Halves model size, GPU-friendly, smaller accuracy impact than int8

converter = tf.lite.TFLiteConverter.from_keras_model(model)

converter.optimizations = [tf.lite.Optimize.DEFAULT]

# Full integer quantization needs a representative dataset

def representative_dataset():

for sample in x_train[:500]:

yield [sample.reshape(1, 784).astype('float32')]

converter.representative_dataset = representative_dataset

converter.target_spec.supported_ops = [tf.lite.OpsSet.TFLITE_BUILTINS_INT8]

tflite_quant_model = converter.convert()

The representative dataset is used to calibrate the quantization ranges, TFLite observes the typical range of activation values on real samples so it can choose integer scales that minimise information loss.

Running Inference on Android

On Android, the TFLite Interpreter loads the .tflite file and runs predictions using Kotlin or Java. The model file is typically placed in the app's assets folder.

// Kotlin

val model = FileUtil.loadMappedFile(context, "model.tflite")

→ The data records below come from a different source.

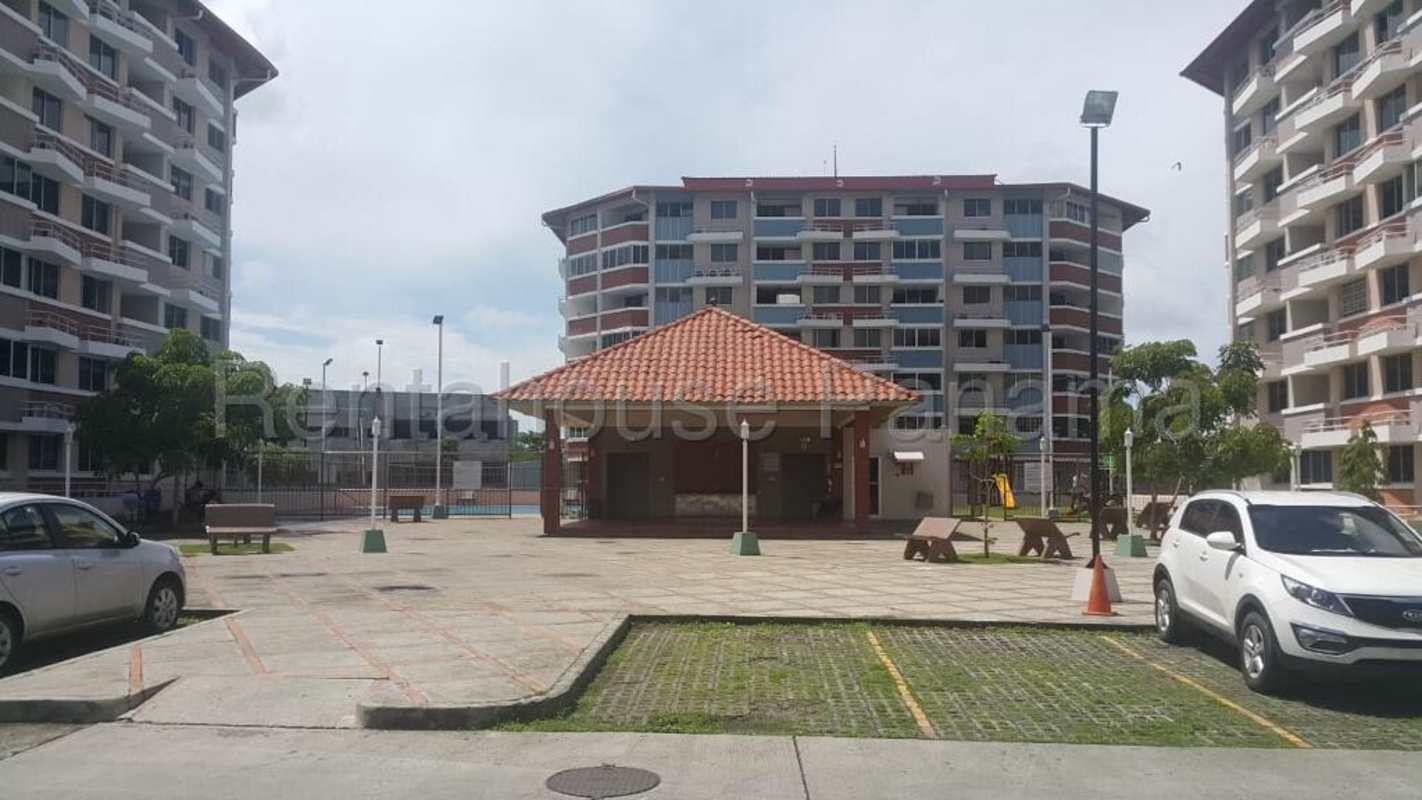 Outdoor sports tennis court, children’s playground and landscaped gardens in Panama apartment complex
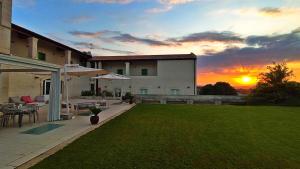 a house with a lawn with a sunset in the background at Hotel Cave Del Sole in Matera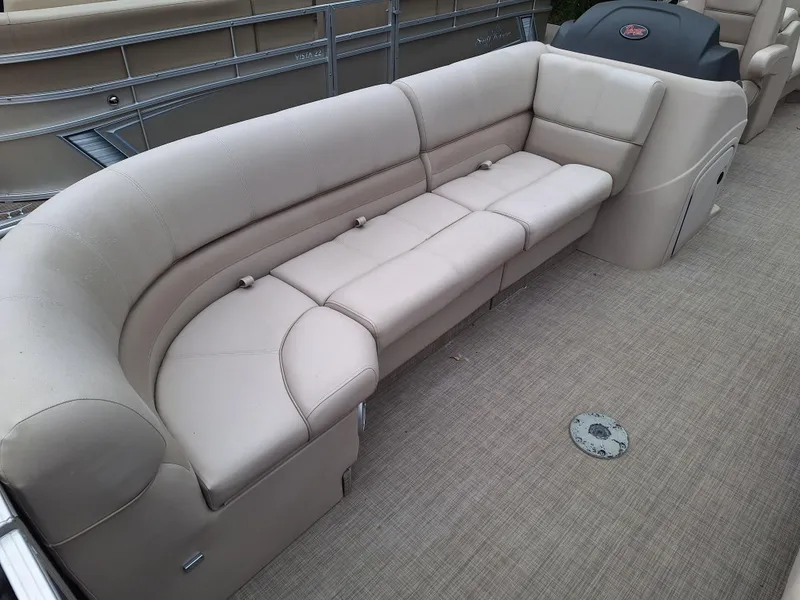 Slide: The Image of 2017 Ranger REATA boat with beige cushioned seating. - 7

val interpreter = Interpreter(model)

val input = arrayOf(floatArrayOf(/* 784 normalised pixel values */))

val output = Array(1) { FloatArray(10) }

interpreter.run(input, output)

val predictedClass = output[0].indices.maxByOrNull { output[0][it] }

println("Predicted digit: $predictedClass")

For common tasks like image classification or object detection, the TFLite Task Library wraps this boilerplate into a few lines, handling input pre-processing and output parsing automatically.

Running Inference on iOS

On iOS, the same .tflite file is loaded through the TensorFlowLiteSwift pod, with a near-identical API shape to the Android interpreter.

// Swift

import TensorFlowLite

let modelPath = Bundle.main.path(forResource: "model", ofType: "tflite")!

let interpreter = try Interpreter(modelPath: modelPath)

try interpreter.allocateTensors()

let inputData = Data(copyingBufferOf: inputPixels)

try interpreter.copy(inputData, toInputAt: 0)

try interpreter.invoke()

let outputTensor = try interpreter.output(at: 0)

let probabilities = outputTensor.data.toArray(type: Float32.self)

Quick Tip

Both platforms support hardware delegates, GPU delegate, NNAPI on Android, and Core ML delegate on iOS, that offload computation to specialised hardware. Enabling a delegate can speed up inference significantly with no changes to the model itself.